The archbishop, now 87 but still working full-time, expressed his views to us last weekend during a dinner in New Orleans. He said he has visited Medjugorje three times and is strongly impressed by the "powerful" effect it has on young people as well as the inclination to evangelize that it inspires in pilgrims.
"My reason for supporting the visits to Medjugorje, especially by our young people, is the program that is encouraged in Medjugorje," said Archbishop Hannan, who last visited in 1999. "Everything in the program at Medjugorje is very highly approved by the Church and is in support of some of the basic duties of Catholics -- for instance devotion to the Blessed Mother, the frequentation of the sacrament of penance, the reception of Holy Communion and attendance of Mass, and the recitation of the Rosary. Those practices are very strongly not only encouraged but commanded by the Church, and I have told everyone I have met -- including the Holy Father -- that I believe in the words of Scripture: 'by their fruits you will know them.' The people who have been to Medjugorje, especially the youth, have really experienced a great awakening of their faith."
Hannan celebrated Mass at Medjugorje and said "the feeling of devotion was intense. I experienced a great deal of inspiration from that." While he saw no supernatural phenomena, the archbishop attended an apparition by one of the seers, Marija Pavlovic.
It was just before retiring as archbishop in 1989 that Hannan spoke personally to the Pope about it. The occasion was a lunch at the Saint Martha Building. "It so happened that I was the senior bishop there, which according to their protocol in seating placed me right opposite the Pope," recalled the archbishop. "That made it very easy for me to talk to him. It was the central point of my conversation with him. I had heard that he was interested in it and somehow or another a mention of Medjugorje came up in a general discussion, so that enabled me to explain fully to the Holy Father why I not only permitted but actually urged young people to go to Medjugorje."
Hannan said he didn't expect the Pope to make any comment. "But what he did was almost as good as a comment, because he bowed his head up and down as I recited the things that were traditional for Catholics to do and which were encouraged by their presence at Medjugorje. And he was nodding in assent the whole time. It was a serious nod because he knew that I was very much interested in giving him that message."
Hannan said most bishops believe there is something supernatural at Medjugorje but "many of them are disturbed by the fact that the visionaries see the Blessed Mother every day. Those who are slow or unwilling to exhort people to go there say that there has never been such a series of apparitions before. They also say the bishops there do not approve it."
Hannan believes that the Church may not formally approve of the apparitions but instead simply "let the custom go on. There are several ways the Church can handle it by indicating that it is good and approved but they don't want to make a formal announcement." He said the historic friction between secular bishops and Franciscans has spilled into the situation and tainted the view of some prelates, including Cardinal Vinko Puljic of Sarajevo, "who said there isn't anything supernatural going on there."

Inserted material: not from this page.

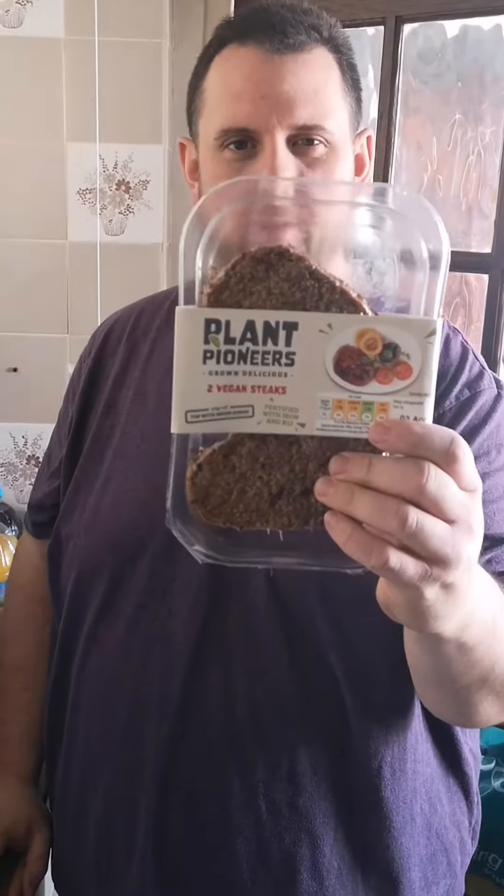Hi, it's Adam from Voodie Vlogger here. The weather outside is amazing, so what better time for a barbecue, even though it's a little bit cold? Even so, we're still going to try these today, and they're vegan steaks from Plant Pioneers.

But added Hannan, "If supernatural isn't the presence of a lot of people going to Confession, especially youth, attending Mass, receiving holy Communion, saying the Rosary -- if that isn't supernatural in essence I don't know what is."
It was Archbishop Hannan who, as an auxiliary in Washington during the Kennedy years, delivered the eulogy at the President's funeral after the historic assassination. He was also close to Jackie Onassis and presided at her funeral.